When we entered the market, we found the RTV Silicone Rubbers that were available in India were in only one hardness, took 18-20 hours to dry, used to shrink after drying, were inconvenient to mix, and were very viscous and messy. The rubbers we introduced from Italy were available in 30 different hardnesses and colours, from super soft to relatively hard; dried in minutes not hours; did not shrink; could be stored for 20 years; and were very easy to use and temperature resistant upto 300 C.
Albeit at a price 25% higher than conventional rubbers, this helped industries reduce turnaround times significantly, increase efficiency and accuracy, reduce wastage, while keeping the workers happy for the ease in use.
AG: Where are these silicone rubbers used?
You see them almost everywhere from baby feeders to swimming goggles, from flexible ice trays to spatulas. However one of the largest and most relevant applications is mould making. That's how it is directly connected to the creative field. It has helped thousands of creators streamline their making process. Imagine a sculptor who made a beautiful statue by hand. Someone liked it and now wants 10 pieces for a hotel. This would take the sculptor 10X the time and effort to deliver. However with Silicone Rubber you make a mould of the original statue and can deliver the order in days, not months. Not just for statues, Silicone Rubber is widely used for making moulds in the field of jewelry manufacturing, construction, automotive parts, electrical parts, prosthetics, candle making, healthcare, archeological restoration, etc.
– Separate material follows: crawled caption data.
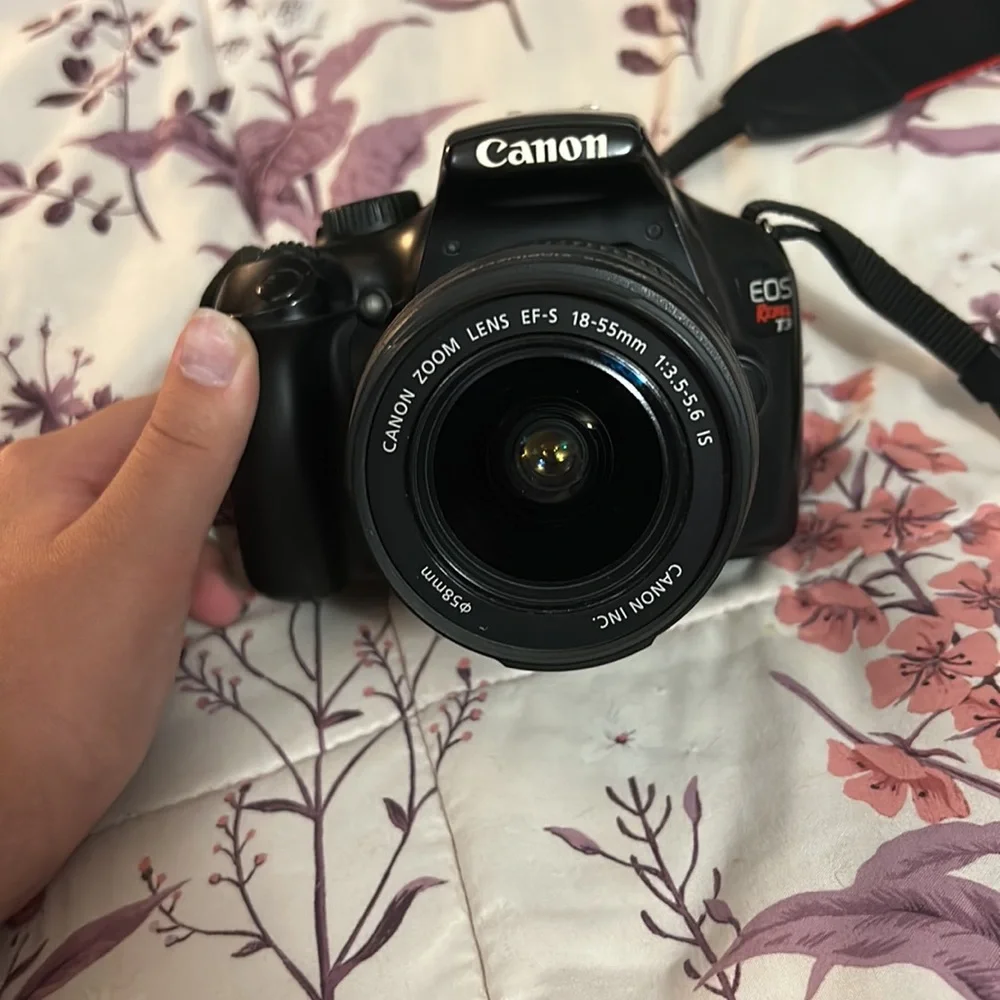 Canon rebel T3 camera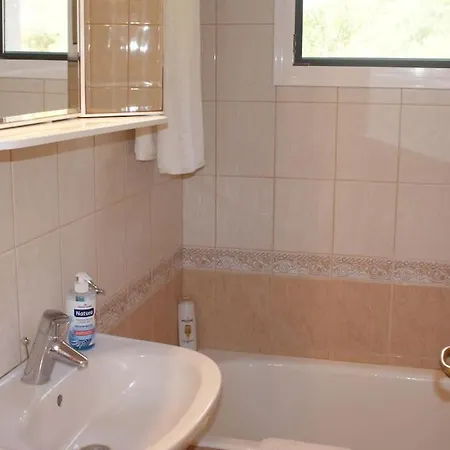 Alexandra's Apartament *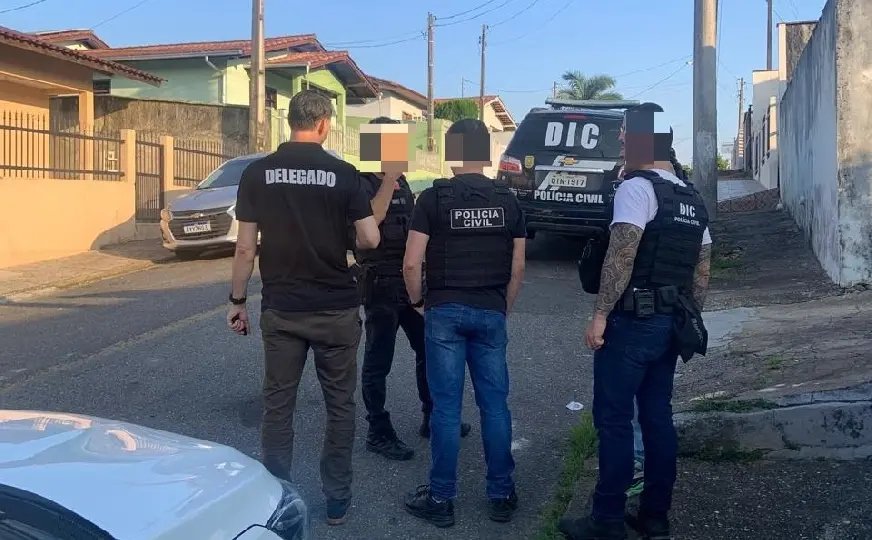 Polícia cumpre mandados e prende dois após fuga em Brusque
Silicon_Zhermack-ZA22-Matrita-Flexibila-Leu (48)
Flexible rubber mould
This field (largely known as prototyping) helps the designer realise their visualisation in a real form, without any significant investment. Low volume production for product conceptualisation to fitment testing can be done using this technique. Something that helps bridge the gap between the design and the making of moulds, is 3d printing. Now you design a product in 3d, print on a 3d printer, make a mould, and then pour whatever material you want into the mould to make the final product. This material can range from ice to chocolates to metals to wax to resins to plastics to plaster to porcelain to concrete to clay, etc. 3d printing doesn't let you print in whatever material you want, is time consuming and expensive, thus the need for moulds.
ZA 22 Rose mould (14)
Low volume prototype
Low volume prototype
One of the newer and more exciting applications has been the use of Silicone rubber for special effects. Our rubber has been used by Madame Tussads for their lifelike celebrity replicas as well as Merlin Studios for James Bond Die Another Day (The Ice Palace is made of transparent Silicone rubber and glass with a smoke effect).
Makeup artists use it to make masks for disfiguration, fantasy characters, superheroes, etc. Stunt coordinators and photographers use it to replicate ice or glass in shoots. Set designers use it to make their larger than life sets, props and dummies. Our rubbers are also used to take impressions of actors' faces and body parts to make sure the final product is an exact fit.
rubber that looks like ice
Silicone rubber looking like ice
The possibilities are endless because these are just the applications some people have thought of. We receive many enquiries from innovators in the field of robotics and product design. The idea is
If you can Dream it, we can Make it
It's always more exciting to experiment with people who are trying to create and innovate rather than just be rubber suppliers. This is why you will always find us in places where we have to be hands on. Places such as workshops and design studios rather than corporate offices.
Continuing from my previous mention about 3d printing technology being limited, time consuming and expensive; I also want to add that there's a huge amount of investment that's going into developing the technology for the masses and a variety of materials. Every year we hear of a 3d printer printing with new materials including food and metals. This will make the field of mould making obsolete but there's still a while to go for that (15-20 years). Before 2040, I see every home with a 3D printer. People will pay for the design, and print the product (whatever it may be) at home. It may require some assembly but it's definitely the future.
AG: What are your thoughts on the current scenario?
Business in the time of Corona is basically about self realisation. Besides giving time to personal development (mental, physical or skill); questions to be asked are whether your business is doing something game changing or important enough that it would continue to exist in time of crisis. Whether it addresses society's basic needs of food security, health stability or sustainable living? If not, is there any way you can be directly connected to these industries?
Because of technologies such as 3d printing which enables people to have more free time, the entertainment industry is also an essential service which more and more people are dependent on. While the drive towards consumerism has only begun, let's try to make the time to put the car into neutral, spend time with ourselves and just imagine.